Opinions - 15.11.2014
Ghazi Gherairi décrypte pour Le Monde les élections et la formation du futur gouvernement
«N’oublions pas que nous revenons de loin et que nous ne sommes pas au bout du chemin. Mais il y a en Tunisie une grande sagesse commune, presque inconsciente, qui vient de nouveau de s’exprimer par ces élections » estime Ghazi Gherairi dans une interview que publie Le Monde, sus le titre de « La révolution tunisienne n’est pas un accident de l’Histoire ». Interrogé par Charlotte Bozonnet au sujet de l’existence d’un modèle tunisien, il ne souscrit pas, par humilité, à cette idée, « le processus n’étant pas encore totalement abouti », mais considère que « la révolution tunisienne a ouvert le spectre de l’écartèlement du monde arabe. Il y a d’un côté Daech [organisation de l’Etat islamique], qui représente le Moyen Age en plein XXIe siècle, et de l’autre la haute modernité de la dynamique politique et sociale en Tunisie aujourd’hui. La Tunisie n’est peut-être pas encore arrivée de l’autre côté mais elle a fait un grand pas : il y a déjà une part d’irréversibilité dans ce qui se passe ».

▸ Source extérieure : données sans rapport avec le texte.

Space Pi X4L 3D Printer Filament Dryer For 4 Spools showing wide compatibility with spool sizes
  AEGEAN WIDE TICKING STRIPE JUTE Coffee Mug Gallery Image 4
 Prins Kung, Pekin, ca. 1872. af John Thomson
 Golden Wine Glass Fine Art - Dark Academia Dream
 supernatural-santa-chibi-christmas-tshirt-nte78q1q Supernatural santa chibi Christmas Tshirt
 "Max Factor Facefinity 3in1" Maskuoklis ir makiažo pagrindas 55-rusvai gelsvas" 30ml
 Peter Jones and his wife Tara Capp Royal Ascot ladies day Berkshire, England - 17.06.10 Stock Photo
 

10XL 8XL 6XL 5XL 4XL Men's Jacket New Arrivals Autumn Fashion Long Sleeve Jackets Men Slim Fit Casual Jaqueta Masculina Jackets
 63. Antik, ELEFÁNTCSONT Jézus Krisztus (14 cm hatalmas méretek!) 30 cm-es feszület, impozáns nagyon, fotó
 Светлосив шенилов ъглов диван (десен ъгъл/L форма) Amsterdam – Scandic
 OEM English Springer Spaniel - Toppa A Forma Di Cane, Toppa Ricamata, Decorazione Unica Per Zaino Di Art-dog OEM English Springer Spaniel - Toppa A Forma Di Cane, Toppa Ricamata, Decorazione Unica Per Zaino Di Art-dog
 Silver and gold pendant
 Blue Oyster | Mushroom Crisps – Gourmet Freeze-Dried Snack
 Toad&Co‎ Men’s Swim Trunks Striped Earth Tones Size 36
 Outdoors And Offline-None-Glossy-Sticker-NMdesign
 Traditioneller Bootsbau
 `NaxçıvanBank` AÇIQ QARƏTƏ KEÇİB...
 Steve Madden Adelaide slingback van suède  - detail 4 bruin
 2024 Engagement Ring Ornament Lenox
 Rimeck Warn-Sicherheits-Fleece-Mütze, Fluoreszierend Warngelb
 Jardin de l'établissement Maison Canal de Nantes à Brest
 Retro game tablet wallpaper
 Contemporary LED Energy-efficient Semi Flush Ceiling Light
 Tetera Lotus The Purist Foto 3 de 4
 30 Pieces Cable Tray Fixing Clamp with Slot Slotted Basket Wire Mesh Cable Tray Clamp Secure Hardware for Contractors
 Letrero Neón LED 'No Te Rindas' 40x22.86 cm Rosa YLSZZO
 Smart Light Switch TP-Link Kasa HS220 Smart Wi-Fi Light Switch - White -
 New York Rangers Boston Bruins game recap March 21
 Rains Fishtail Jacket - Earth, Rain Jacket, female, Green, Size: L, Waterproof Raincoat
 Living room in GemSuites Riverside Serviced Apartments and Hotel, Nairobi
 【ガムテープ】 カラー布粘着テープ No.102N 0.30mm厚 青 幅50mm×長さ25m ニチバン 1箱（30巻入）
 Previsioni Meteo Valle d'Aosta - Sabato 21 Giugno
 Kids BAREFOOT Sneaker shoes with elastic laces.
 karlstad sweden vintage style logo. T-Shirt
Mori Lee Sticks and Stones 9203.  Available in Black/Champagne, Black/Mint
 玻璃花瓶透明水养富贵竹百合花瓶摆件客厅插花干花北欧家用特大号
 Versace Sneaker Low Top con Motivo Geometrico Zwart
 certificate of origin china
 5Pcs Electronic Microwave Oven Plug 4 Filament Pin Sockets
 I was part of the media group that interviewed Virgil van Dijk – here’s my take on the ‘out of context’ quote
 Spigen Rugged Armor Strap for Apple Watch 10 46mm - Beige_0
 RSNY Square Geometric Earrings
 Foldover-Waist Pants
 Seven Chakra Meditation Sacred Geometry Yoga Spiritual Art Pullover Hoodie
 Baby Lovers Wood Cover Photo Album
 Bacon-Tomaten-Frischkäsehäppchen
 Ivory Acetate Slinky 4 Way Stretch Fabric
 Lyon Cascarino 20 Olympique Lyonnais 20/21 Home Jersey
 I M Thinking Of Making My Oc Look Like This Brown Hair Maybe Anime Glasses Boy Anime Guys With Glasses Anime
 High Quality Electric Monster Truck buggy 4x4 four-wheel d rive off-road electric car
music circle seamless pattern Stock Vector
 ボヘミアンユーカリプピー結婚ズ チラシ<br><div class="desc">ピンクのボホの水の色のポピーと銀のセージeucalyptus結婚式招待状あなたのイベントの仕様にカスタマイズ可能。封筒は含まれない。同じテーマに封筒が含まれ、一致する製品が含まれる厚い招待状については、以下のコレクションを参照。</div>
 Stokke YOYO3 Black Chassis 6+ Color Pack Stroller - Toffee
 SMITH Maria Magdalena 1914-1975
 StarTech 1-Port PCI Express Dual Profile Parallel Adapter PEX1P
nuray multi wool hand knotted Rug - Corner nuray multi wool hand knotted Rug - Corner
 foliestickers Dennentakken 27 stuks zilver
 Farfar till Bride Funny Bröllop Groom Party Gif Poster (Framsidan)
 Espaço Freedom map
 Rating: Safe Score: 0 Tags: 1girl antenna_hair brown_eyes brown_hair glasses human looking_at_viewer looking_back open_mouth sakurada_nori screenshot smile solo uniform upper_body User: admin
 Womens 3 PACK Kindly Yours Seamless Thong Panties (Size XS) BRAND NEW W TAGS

Pour Gherairi, « c’est une nouvelle page de la pratique politique dans les pays arabes qui s’ouvre. Exporter cette expérience doit être le dernier souci des Tunisiens. La seule chose qu’ils peuvent faire, c’est donner envie à leurs voisins en construisant une démocratie bienfaisante à leurs portes. Désormais, la réponse à la question : « La démocratie est-elle possible dans un pays arabe ? » est : «Oui, absolument ! »
Quant aux différents scénarios pour la formation d’un gouvernement de coalition, Gherairi indique que : « Nidaa Tounès est obligé de trouver des alliés pour former le gouvernement, mais les partis de centre gauche sont très affaiblis. Il lui faudra donc, pour rester fidèle à sa famille politique, se tourner vers Afek Tounès [sociallibéral] et le Front populaire [gauche et extrême gauche] – même si ce dernier peut, pour préserver son unité interne, ne pas être enclin à y aller. Nidaa Tounès choisira-t-il alors de se rapprocher de l’UPL ? Ou bien d’Ennahda ? Si l’électorat d’Ennahda y a été préparé – le parti en parle depuis longtemps –, celui de Nidaa Tounès, qui a, en grande partie, voté pour déloger les islamistes du pouvoir, peut ne pas voir pareille alliance d’un bon œil. Pour convaincre son électorat, le parti aura donc besoin d’obtenir le label de gouvernement d’«union nationale ». Nous allons de ce fait vers des semaines de grand équilibrisme politique ».